Kids come to school with ideas already formed. About winning and losing. About being the best at something. About being stronger. Smarter.
More cool.
As a first grade teacher, I liked to shake things up a bit with my students. Challenge their little worlds.
Get them to think differently.
A trend in education that started in the 1990s and is still going strong is something called ‘cooperative learning.‘
The approach is simple: kids working together to achieve a common goal. It’s been proven that it leads to greater student achievement, an improvement in social skills and—perhaps most important of all—it prepares kids to work successfully in teams when they join the grown-up world of work.
The M&Ms game
Each year, as a kick-off to cooperative learning in our first grade classroom, to get kids thinking about what it means to work and learn together, I invited them to play a game. (With M&Ms as the prize, I didn’t have to talk them into this.)
My only prop for this lesson was a jumbo-sized bag of M&Ms.
First I placed my students in pairs, facing each other over a table.
“Each of you will put one of your elbows up on the table and clasp the other person’s hand,” I said. “I will time you for one minute. Every time your partner’s arm goes down flat on the table, you get an M&M.”
When I was sure they understood what their goal was, I started the clock.
The first time I did this, I was blown away by the results. Of 12 pairs of students, most kids didn’t get a single M&M. And a couple of kids got one measly piece of candy each. One M&M.
In the problem solving session afterward, each pair reported on their results. It was obvious that they had viewed the game as an arm wrestling match, which I hadn’t described it as at all. They had been trying their hardest to push their partner’s arm down so they could get the candy.
I said, “How do you think you might have gotten more M&Ms?”
Most said some version of “Try harder” or “Use my muscles more.” With more thinking, sometimes (but not always), someone would say, “Well, we could share. I get to push his arm down and he gets to push mine down and we just keep doing that.”
At that, I saw the light bulbs in their little heads turn on.
They could get 50 or more M&Ms each if they just worked together!
We talked about how hard it was trying to beat the other person and how much easier it would be to help each other get what they wanted.
Why successful bloggers always win the M&Ms game
Once, after I left teaching and started my marketing business, I heard a quote for Zig Ziglar, author, speaker and salesman extraordinaire:
“You can have anything in life you want if you just help other people get what they want.”
I was struck by how similar this thought was to that lesson back in my first grade classroom.

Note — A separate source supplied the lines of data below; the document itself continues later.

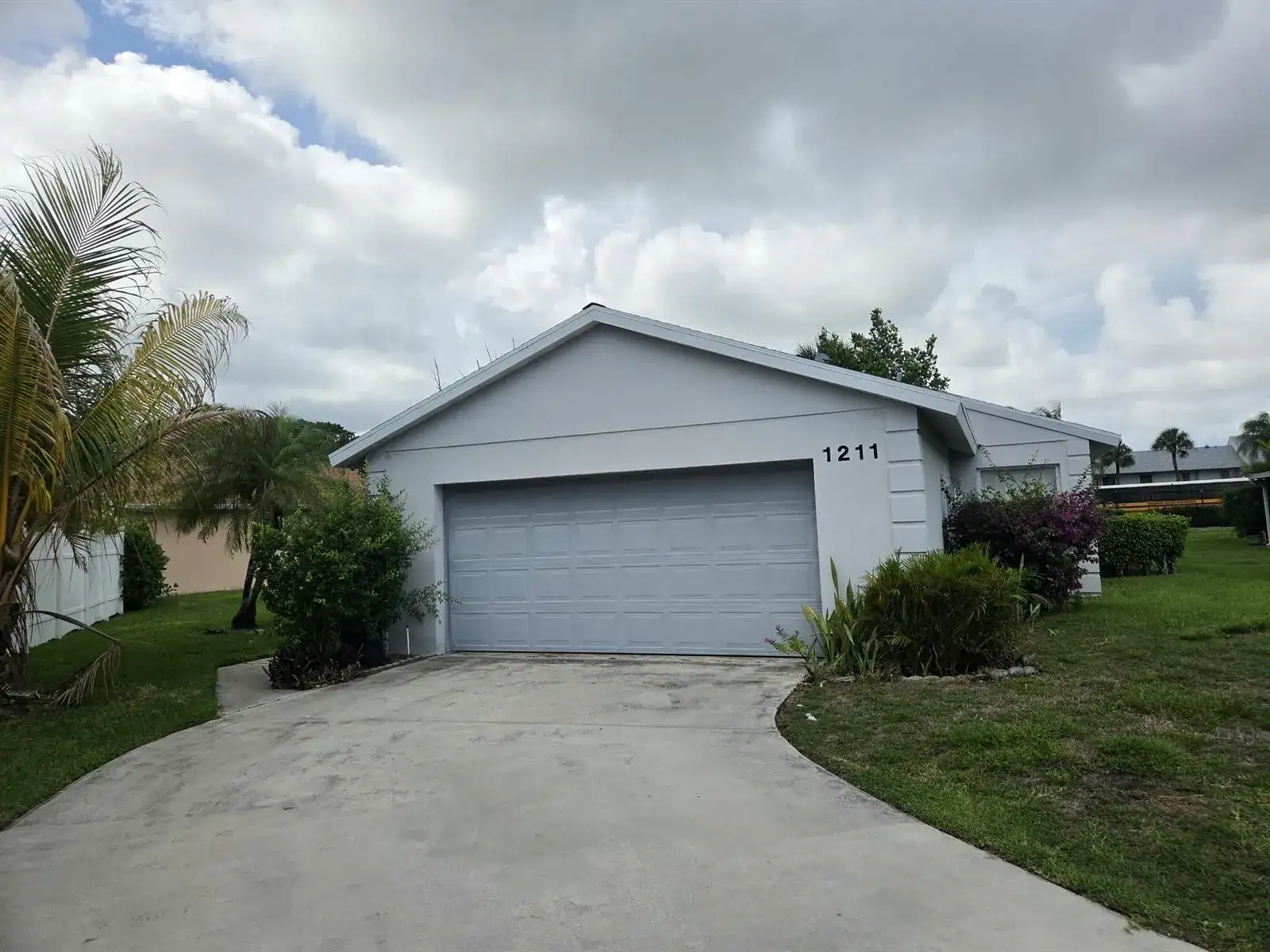 1211 Pine Sage Circle, West Palm Beach FL 33409 photo 2
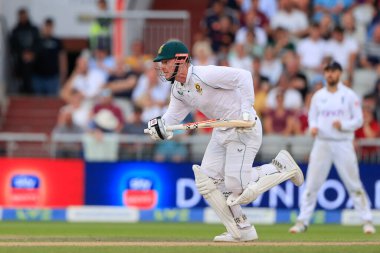 Simon Harmer of South Africa makes a run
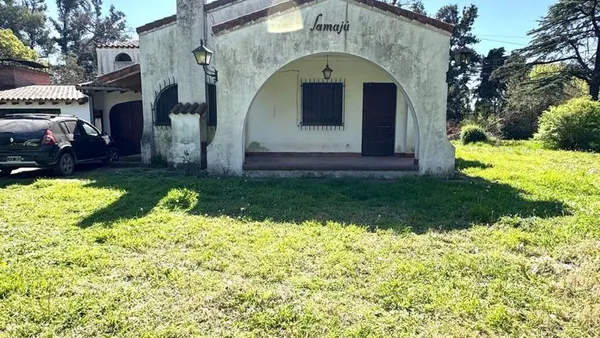 Casa en Vicente López y Planes 800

But how many times do we see blogging as a lonely pursuit?
Something that, in order to succeed, we have to be better than someone else? We are like those first graders, competing for the M&Ms.
What would happen if instead we started working together?
There are enough M&Ms to go around. If we cooperate with others, share our resources and strengths, how might we get where we want to go faster?
What would that look like if we supported other bloggers, even those who might not quite be where we are yet? Could we all get more readers and subscribers if we banded together? Recognized the good stuff other bloggers are doing? Invited them to write a guest post for us?
I am grateful for people like Danny Brown, Jay Ehret, Becky McCray and others who shared the wealth when I was a rookie blogger.
What about you?
Have you found a compete mentality in the world of blogging?
Or have you met people who are willing to work with you so you all get more M&Ms?
Can you think of of people who have inspired you in your blogging journey?